━━━━━ MATERIAL SHOWN

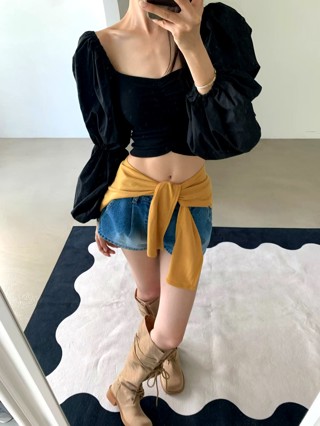 黑色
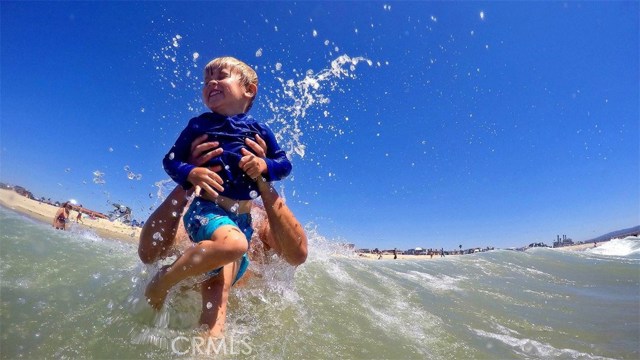 1832 Pacific Coast Highway, Hermosa Beach, California 90254, 3 Bedrooms Bedrooms, ,3 BathroomsBathrooms,Residential,Sold,Pacific Coast Highway,SB18123044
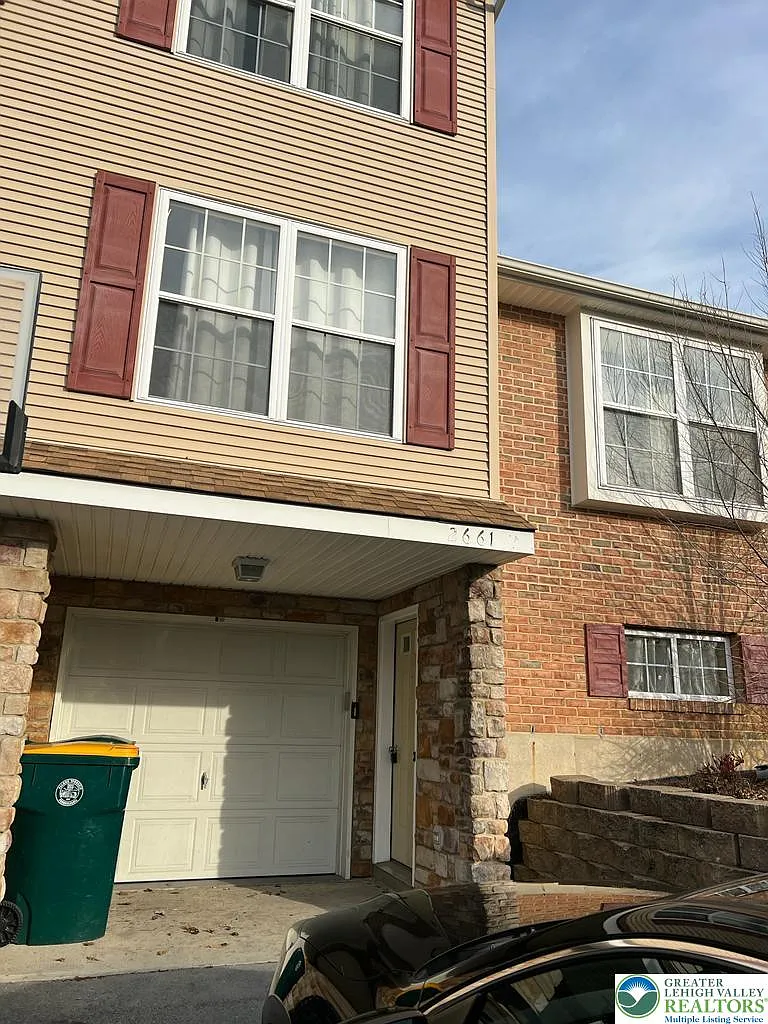 3 bed, 4.0 bath, 2148 sqft, $2,699 — Photo 2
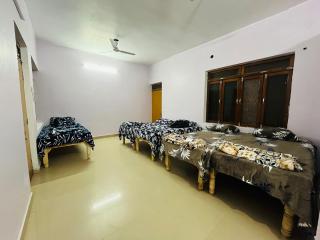 Maha Kumbh Sangam 1 Km Jhusi Home Stay - Jhūsi - 0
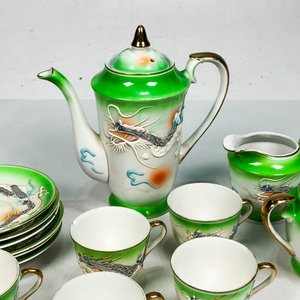 Juego de Porcelana Oriental Verde Esmaltada: Tetera, Lechera, Azucarero y Pocillos con Platitos - imagen 4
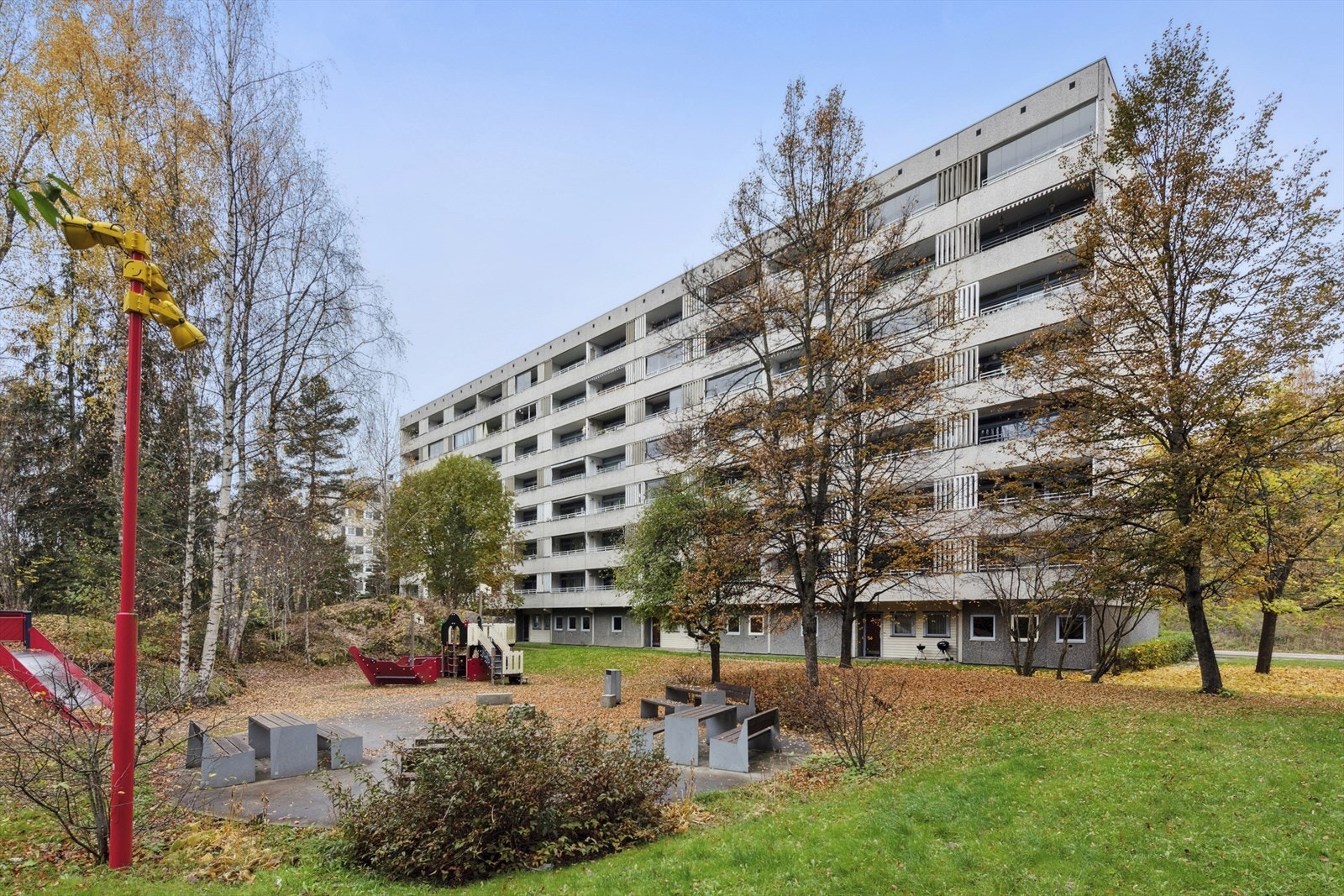 Det er flotte grøntområder like utenfor døren, som er godt ivaretatt av borettslagets beboere. Kort gangavstand til rikelig med tur- og rekreasjonsmuligheter i marka sommer som vinter. Galleribilde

━━━━━━━━━━

■ **YOUR OBJECTIVE**:
Output the records above character for character, but leave each image out.

■ **EXERCISE ANSWER**:
 黑色
 1832 Pacific Coast Highway, Hermosa Beach, California 90254, 3 Bedrooms Bedrooms, ,3 BathroomsBathrooms,Residential,Sold,Pacific Coast Highway,SB18123044
 3 bed, 4.0 bath, 2148 sqft, $2,699 — Photo 2
 Maha Kumbh Sangam 1 Km Jhusi Home Stay - Jhūsi - 0
 Juego de Porcelana Oriental Verde Esmaltada: Tetera, Lechera, Azucarero y Pocillos con Platitos - imagen 4
 Det er flotte grøntområder like utenfor døren, som er godt ivaretatt av borettslagets beboere. Kort gangavstand til rikelig med tur- og rekreasjonsmuligheter i marka sommer som vinter. Galleribilde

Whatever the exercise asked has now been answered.